**Exercise brief**
All entries are to be transcribed exactly. Pictures are not part of the copy.

[Items from a data source]

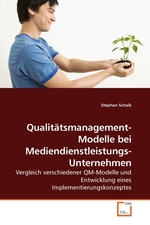 Qualitaetsmanagement-Modelle bei Mediendienstleistungs-Unternehmen. Vergleich verschiedener QM-Modelle und Entwicklung eines Implementierungskonzeptes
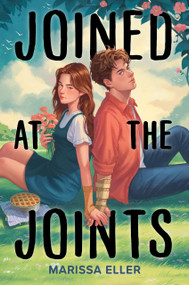 Joined at the Joints by Marissa Eller, 9780823456215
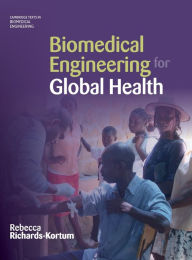 Title: Biomedical Engineering for Global Health, Author: Rebecca Richards-Kortum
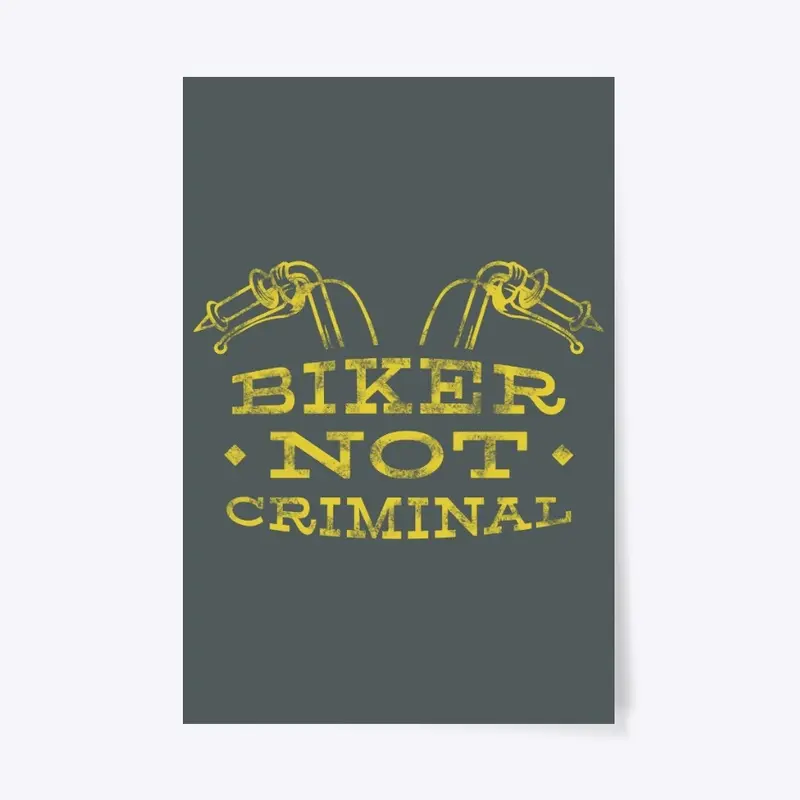 Biker Not Criminal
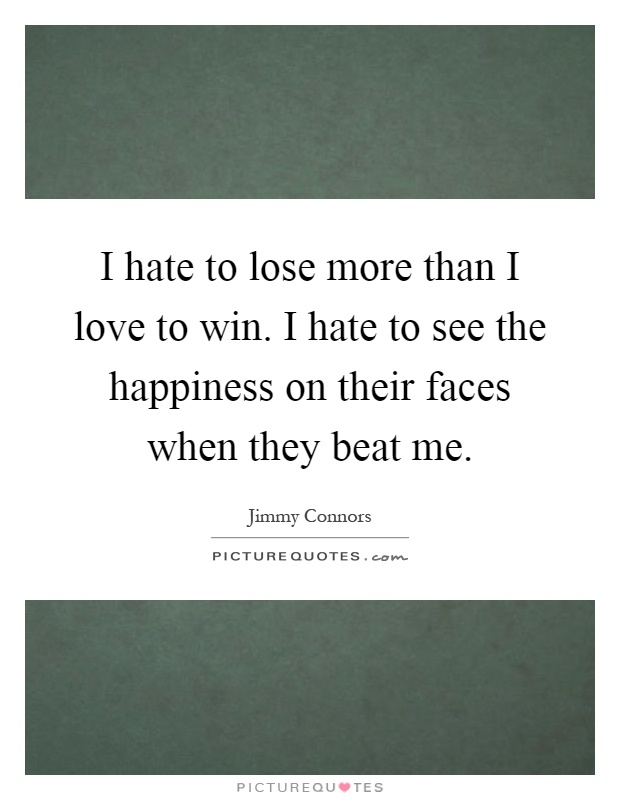I hate to lose more than I love to win. I hate to see the happiness on their faces when they beat me Picture Quote #1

**Finished task**
 Qualitaetsmanagement-Modelle bei Mediendienstleistungs-Unternehmen. Vergleich verschiedener QM-Modelle und Entwicklung eines Implementierungskonzeptes
 Joined at the Joints by Marissa Eller, 9780823456215
 Title: Biomedical Engineering for Global Health, Author: Rebecca Richards-Kortum
 Biker Not Criminal
I hate to lose more than I love to win. I hate to see the happiness on their faces when they beat me Picture Quote #1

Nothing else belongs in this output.